Why tariffs pose a bigger risk to renewable energy than fossil fuels

, Senior Science and Economics Correspondent
Rystad Energy "Trump & Energy" report, second edition, April 2025. Shale refers to both oil and natural gas extracted from shale rock.

Tariffs imposed by President Donald Trump will likely hit the supply chains for wind and solar much harder than supply chains for fossil fuels.

Energy research company Rystad Energy shows this in the second edition of its “Trump and Energy” report, published in April, which analyzed supply chains for various fossil fuel and renewable sources of energy in the United States.

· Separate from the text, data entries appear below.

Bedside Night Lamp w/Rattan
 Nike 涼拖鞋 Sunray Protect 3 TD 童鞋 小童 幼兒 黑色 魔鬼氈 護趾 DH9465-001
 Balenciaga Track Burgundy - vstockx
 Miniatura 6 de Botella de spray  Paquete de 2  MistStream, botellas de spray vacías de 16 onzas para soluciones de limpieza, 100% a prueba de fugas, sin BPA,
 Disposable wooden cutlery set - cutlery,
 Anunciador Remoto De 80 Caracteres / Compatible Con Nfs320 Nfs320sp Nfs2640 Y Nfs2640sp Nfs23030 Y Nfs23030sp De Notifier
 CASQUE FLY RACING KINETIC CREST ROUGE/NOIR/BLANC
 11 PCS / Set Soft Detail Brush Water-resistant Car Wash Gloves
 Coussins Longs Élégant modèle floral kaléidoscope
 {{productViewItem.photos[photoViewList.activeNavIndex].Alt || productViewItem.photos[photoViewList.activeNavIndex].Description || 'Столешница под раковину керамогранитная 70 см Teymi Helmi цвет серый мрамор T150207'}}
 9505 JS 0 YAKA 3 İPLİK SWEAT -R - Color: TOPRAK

Virtually all — 90% — of capital expenditures associated with extracting oil and natural gas from shale rock, (a kind of layered sedimentary rock), was spent on domestically sourced parts, such as piping, Rystad said. By comparison, only 48% of capital expenditures associated with solar energy were for domestically sourced parts, such as modules and cables.

Trump has implemented wide-ranging, and constantly changing, tariffs on imports from foreign countries, making products originating in other countries more expensive — energy components included.

“Renewables are more exposed to those tariffs just because most of the components are being imported from abroad,” said Marina Domingues, the head of new energies for Rystad in the U.S.

China is a dominant supplier of renewable-energy parts.

“If you go back in time 15 years ago, it wasn’t like this,” said Claudio Galimberti, chief economist at Rystad. At that time, American and European companies were leading the technology development of solar panels, Galimberti said.

But to reduce its dependency on imported fossil fuels, China invested heavily in wind and solar, and so “became the powerhouse of all the renewables,” Galimberti said.

Meanwhile, the U.S. continued to grow its dominance in oil and gas — and the related supply chains.

But the tariffs could still negatively impact the country’s oil and gas sector, particularly if they drive the economy into a recession, said Galimberti.

“I don’t see any scenario in which tariffs can end up being good for any sector,” said Galimberti. “Let’s be blunt.”